Дневник писателя
Шрифт:
Замечательно, что семнадцатый век дал мало святых — тот самый век, когда православие заняло в России победоносную позицию. Казалось бы, вся жизнь, быт сверху донизу проникнуты церковностью, — а святых нет. Но это была именно смерть духа святости, замена его обрядом, уставом. Федотов тонко и интересно замечает, что позднейшая Империя (в XIX в.), с прохладою своей и явной чуждостью религии, оказалась более благоприятной средой для внутренней духовной жизни, чем царство Алексея Михайловича, Москва XVII века со всеми своими теремами, пирогами, банями и Домостроями.
О последнем, удивительном явлении русской святости — пре-п<одобном> Серафиме — автор упоминает кратко: это уже вне его темы.
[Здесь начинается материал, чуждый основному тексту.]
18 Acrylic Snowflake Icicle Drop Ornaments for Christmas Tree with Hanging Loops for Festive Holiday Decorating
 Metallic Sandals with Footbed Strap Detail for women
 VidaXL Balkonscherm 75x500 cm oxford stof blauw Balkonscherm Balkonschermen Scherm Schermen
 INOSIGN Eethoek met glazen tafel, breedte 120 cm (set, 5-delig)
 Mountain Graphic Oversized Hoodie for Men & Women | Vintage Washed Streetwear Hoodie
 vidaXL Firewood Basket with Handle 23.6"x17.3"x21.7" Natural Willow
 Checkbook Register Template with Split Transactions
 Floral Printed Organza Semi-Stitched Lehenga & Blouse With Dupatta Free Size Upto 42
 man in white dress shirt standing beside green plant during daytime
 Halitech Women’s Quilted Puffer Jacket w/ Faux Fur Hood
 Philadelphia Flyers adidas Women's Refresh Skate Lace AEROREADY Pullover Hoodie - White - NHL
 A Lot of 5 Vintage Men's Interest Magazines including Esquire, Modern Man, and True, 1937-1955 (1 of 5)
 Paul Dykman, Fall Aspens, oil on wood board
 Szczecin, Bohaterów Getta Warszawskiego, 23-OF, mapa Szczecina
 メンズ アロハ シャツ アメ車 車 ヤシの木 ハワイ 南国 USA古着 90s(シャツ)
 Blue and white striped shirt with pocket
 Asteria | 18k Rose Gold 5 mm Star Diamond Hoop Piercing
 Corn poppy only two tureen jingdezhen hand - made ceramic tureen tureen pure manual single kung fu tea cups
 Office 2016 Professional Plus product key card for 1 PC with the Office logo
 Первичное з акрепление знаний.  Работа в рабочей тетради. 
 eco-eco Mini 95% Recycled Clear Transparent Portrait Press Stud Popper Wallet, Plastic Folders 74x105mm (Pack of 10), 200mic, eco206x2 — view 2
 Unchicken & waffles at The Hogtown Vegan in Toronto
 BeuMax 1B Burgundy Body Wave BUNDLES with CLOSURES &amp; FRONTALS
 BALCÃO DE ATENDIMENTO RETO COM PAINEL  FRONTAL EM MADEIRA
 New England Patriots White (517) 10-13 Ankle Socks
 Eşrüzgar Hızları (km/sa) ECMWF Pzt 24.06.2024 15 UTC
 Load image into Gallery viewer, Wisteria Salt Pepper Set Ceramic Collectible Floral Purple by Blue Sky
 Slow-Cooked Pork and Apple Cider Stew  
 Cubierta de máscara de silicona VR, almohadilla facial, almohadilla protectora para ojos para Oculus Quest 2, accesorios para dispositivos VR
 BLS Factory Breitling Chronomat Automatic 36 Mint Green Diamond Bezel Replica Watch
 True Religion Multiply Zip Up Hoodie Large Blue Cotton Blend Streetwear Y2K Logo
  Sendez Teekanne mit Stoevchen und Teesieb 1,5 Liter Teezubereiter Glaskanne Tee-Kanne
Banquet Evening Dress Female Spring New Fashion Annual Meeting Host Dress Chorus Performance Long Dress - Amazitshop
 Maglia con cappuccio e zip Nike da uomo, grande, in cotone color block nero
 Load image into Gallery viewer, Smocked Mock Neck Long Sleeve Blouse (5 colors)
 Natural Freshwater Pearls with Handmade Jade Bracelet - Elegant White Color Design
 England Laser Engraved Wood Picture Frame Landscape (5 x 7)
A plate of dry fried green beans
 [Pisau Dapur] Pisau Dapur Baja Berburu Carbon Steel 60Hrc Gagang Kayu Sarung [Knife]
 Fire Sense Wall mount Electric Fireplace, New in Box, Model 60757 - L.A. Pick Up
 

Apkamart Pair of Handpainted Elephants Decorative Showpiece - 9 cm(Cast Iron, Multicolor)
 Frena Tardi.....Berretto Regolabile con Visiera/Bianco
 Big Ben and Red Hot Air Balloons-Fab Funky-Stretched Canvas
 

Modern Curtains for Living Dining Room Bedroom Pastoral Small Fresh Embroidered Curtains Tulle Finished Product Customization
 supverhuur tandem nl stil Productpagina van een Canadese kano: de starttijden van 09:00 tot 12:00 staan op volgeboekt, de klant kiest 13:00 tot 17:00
Но это все та же Русь, может быть еще как-то осветленная и полегчавшая, соединившая удивительное сияние Духа с радостию (Серафим
«Святые Древней Руси» не есть книга духовно-мистическая. Это — история, написанная верующим, живым человеком со своими особыми вкусами, взглядами, вообще написанная от себя. И как все свежее и талантливое — очень интересная. Много о ней можно подумать и поговорить. А еще больше — о ее огромной теме.
ИСКУССТВО АКТЕРА {154}
Впервые видел я Станиславского в «Чайке» на первом ее, триумфальном представлении в Москве (он играл Тригорина). Бессмысленно очаровательная улыбка, длинные руки, всегда несколько вверх глядящие глаза слабого и распущенного беллетриста, избалованного и усталого, который может только «так себе», «на проходе» взять что под руку попадется (чужую жизнь, например), — все Станиславским было написано, и так, что и сейчас помнится. Казалось бы, ведь это Чехов написал. Да — на бумаге, тонким и мельчайшим своим почерком. А Станиславский перевел в иной план. Изобразил собою — голосом, движениями, глазами, этой бессмысленной улыбкой. Проявил искусство актера.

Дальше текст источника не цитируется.